Cornelis Networks delivers high-performance scale-out networking solutions for AI and HPC datacenters. They are seeking a Senior Network Linux Kernel Engineer to design, develop, and optimize the software stack for their innovative AI networking fabric, collaborating with industry experts to enhance high-performance networking solutions.
Responsibilities:
- Design and develop high-performance kernel drivers and user-space libraries for our networking hardware
- Build and optimize networking protocols at L2 (Ethernet), L3 (IP), and L4 (TCP/UDP) layers, tailored for AI/ML workloads
- Conduct deep-dive performance analysis and software optimization across the entire stack, identifying and eliminating bottlenecks
- Collaborate with the hardware team to influence ASIC design and ensure software/hardware co-design principles are met
- Develop robust testing, validation, and debugging tools for our networking stack
- Contribute to a culture of technical excellence, continuous improvement, and collaborative problem-solving
Requirements:
- Bachelor's or Master's degree in Computer Science, Computer Engineering, or a related field
- Proven experience in low-level systems programming with C/C++
- Strong understanding of Linux kernel driver development and internal architecture
- Deep knowledge of networking fundamentals and L2, L3, and L4 protocols
- Demonstrated experience in software optimization, profiling, and performance tuning
- A self-motivated and proactive mindset with a strong sense of ownership and the ability to work effectively in a dynamic, fast-paced startup culture
- Excellent teamwork and communication skills
- Working knowledge of BSD kernel internals (e.g., FreeBSD), including networking and driver subsystems, or prior experience developing or debugging kernel-level code on BSD-based systems
- Hands-on experience with DPDK or similar user-space networking frameworks (e.g., VPP, XDP)

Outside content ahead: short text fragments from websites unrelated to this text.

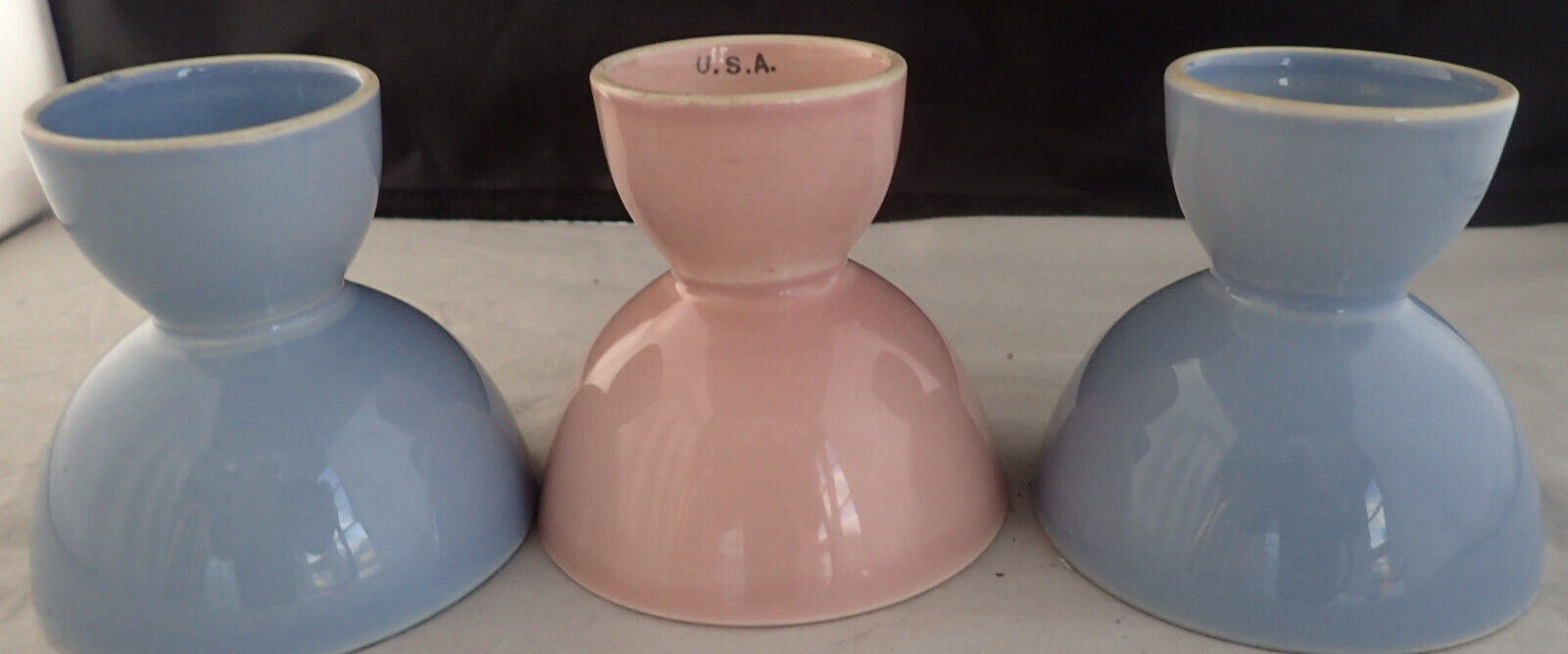 (3) Taylor Smith/LuRay Pastel Double Egg Cups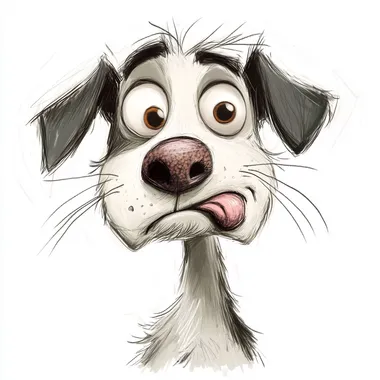 Funny dog face, cartoon style, wallace and gromit style, doing a funny face, sketch, white background.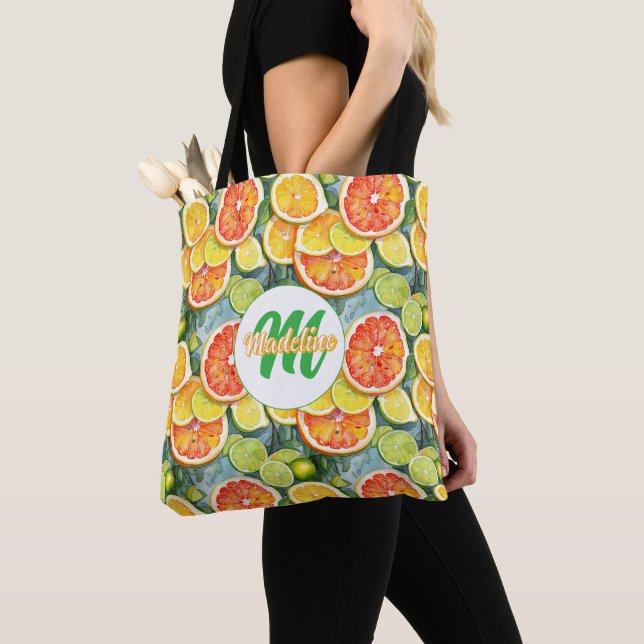 Grapefruit, Lemons, Limes and Oranges Citrus Tote Bag (Close Up)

- Experience developing software for high-performance NICs or SmartNICs
- Understanding of the networking requirements of distributed AI/ML training workloads (e.g., NCCL, MPI)
- Familiarity with RoCE (RDMA over Converged Ethernet) or other RDMA protocols
- Experience working with Ethernet/Switch ASICs or network processor silicon (e.g., Broadcom, Marvell, NVIDIA, Intel)